- **Exercise**
Select all lines in the records that include "photo".

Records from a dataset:
"""

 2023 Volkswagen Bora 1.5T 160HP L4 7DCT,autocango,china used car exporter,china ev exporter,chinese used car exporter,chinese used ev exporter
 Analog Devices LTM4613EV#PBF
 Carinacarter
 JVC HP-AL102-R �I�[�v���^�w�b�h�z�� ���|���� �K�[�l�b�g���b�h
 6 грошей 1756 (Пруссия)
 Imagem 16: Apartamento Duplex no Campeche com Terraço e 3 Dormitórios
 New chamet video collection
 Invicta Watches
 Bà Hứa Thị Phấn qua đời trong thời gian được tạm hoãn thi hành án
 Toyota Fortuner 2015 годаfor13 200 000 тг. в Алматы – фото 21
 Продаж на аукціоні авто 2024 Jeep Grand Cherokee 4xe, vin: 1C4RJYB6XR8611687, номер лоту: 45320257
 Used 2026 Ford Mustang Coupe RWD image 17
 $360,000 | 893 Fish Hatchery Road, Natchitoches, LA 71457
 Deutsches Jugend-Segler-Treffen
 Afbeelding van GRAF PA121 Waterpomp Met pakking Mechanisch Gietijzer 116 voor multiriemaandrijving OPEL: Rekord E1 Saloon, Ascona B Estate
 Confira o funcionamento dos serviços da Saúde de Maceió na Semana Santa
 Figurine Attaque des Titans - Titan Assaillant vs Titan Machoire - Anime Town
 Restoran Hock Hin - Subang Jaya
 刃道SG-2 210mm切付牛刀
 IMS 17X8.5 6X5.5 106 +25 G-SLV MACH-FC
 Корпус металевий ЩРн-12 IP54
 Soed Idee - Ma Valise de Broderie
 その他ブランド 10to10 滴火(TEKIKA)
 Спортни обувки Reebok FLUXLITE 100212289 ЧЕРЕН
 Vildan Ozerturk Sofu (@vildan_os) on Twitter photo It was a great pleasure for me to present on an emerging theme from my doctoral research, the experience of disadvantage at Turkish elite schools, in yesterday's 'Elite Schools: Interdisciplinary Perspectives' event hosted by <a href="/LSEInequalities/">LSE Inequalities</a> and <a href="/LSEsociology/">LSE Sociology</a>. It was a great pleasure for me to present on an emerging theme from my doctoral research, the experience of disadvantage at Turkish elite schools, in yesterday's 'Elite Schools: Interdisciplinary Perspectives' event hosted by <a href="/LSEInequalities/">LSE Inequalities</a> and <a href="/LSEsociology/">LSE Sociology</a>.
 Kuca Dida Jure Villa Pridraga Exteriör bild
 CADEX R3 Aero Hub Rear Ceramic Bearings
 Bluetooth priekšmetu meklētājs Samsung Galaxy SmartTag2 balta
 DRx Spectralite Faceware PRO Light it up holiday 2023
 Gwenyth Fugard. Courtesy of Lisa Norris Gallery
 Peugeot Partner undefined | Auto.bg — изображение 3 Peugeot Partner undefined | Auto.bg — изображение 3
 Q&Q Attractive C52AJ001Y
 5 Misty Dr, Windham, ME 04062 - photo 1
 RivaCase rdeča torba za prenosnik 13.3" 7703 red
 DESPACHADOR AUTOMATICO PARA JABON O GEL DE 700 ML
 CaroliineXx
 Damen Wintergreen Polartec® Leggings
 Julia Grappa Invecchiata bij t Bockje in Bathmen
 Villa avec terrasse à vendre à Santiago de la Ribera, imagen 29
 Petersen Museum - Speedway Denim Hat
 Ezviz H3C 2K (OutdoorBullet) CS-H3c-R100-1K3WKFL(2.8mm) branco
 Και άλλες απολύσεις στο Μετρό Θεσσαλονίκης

"""

- **Answer to the problem**
 Vildan Ozerturk Sofu (@vildan_os) on Twitter photo It was a great pleasure for me to present on an emerging theme from my doctoral research, the experience of disadvantage at Turkish elite schools, in yesterday's 'Elite Schools: Interdisciplinary Perspectives' event hosted by <a href="/LSEInequalities/">LSE Inequalities</a> and <a href="/LSEsociology/">LSE Sociology</a>. It was a great pleasure for me to present on an emerging theme from my doctoral research, the experience of disadvantage at Turkish elite schools, in yesterday's 'Elite Schools: Interdisciplinary Perspectives' event hosted by <a href="/LSEInequalities/">LSE Inequalities</a> and <a href="/LSEsociology/">LSE Sociology</a>.
 5 Misty Dr, Windham, ME 04062 - photo 1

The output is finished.